Megistostegium perrieri
- Conservation status: Endangered (IUCN 3.1)

Scientific classification
- Kingdom: Plantae
- Clade: Tracheophytes
- Clade: Angiosperms
- Clade: Eudicots
- Clade: Rosids
- Order: Malvales
- Family: Malvaceae
- Genus: Megistostegium
- Species: M. perrieri
- Binomial name: Megistostegium perrieri Hochr.

= Megistostegium perrieri =

- Genus: Megistostegium
- Species: perrieri
- Authority: Hochr.
- Conservation status: EN

Species of flowering plant

Megistostegium perrieri is a plant in the family Malvaceae. It is endemic to Madagascar.

==Description==
Megistostegium perrieri grows as a shrub up to 1 m tall. Its large leaves are orbicular to round in shape. They are coloured gray-green and measure up to 5.4 cm long. The flowers are pendant with an epicalyx that matures to a deep maroon colour. The pollen is yellow when fresh.

==Distribution and habitat==
Megistostegium perrieri is found only on the coastline of the Mahafaly Plateau of Toliara Province in southern Madagascar, including in the Special Reserve at Cape Sainte Marie.
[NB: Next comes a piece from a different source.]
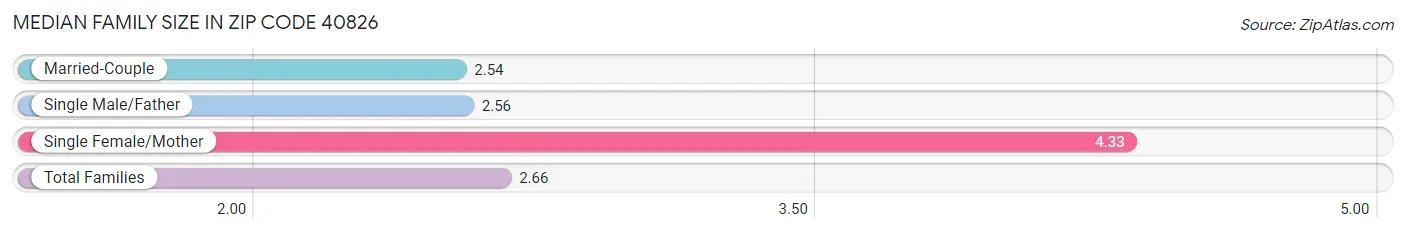 Median Family Size in Zip Code 40826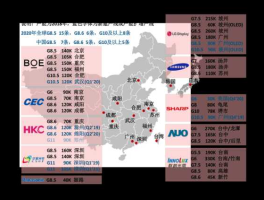 000989 e000989是哪一年的？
Its habitat is in rocky areas from sea level to about 500 m elevation.

==Conservation==
Megistostegium perrieri has been assessed as endangered on the IUCN Red List. It is threatened by land conversion for agriculture, mining and forestry. It is also threatened by wildfires..

==Uses==
The leaves of M. perrieri are locally used to treat coughs. The branches are sometimes used for decorative purposes.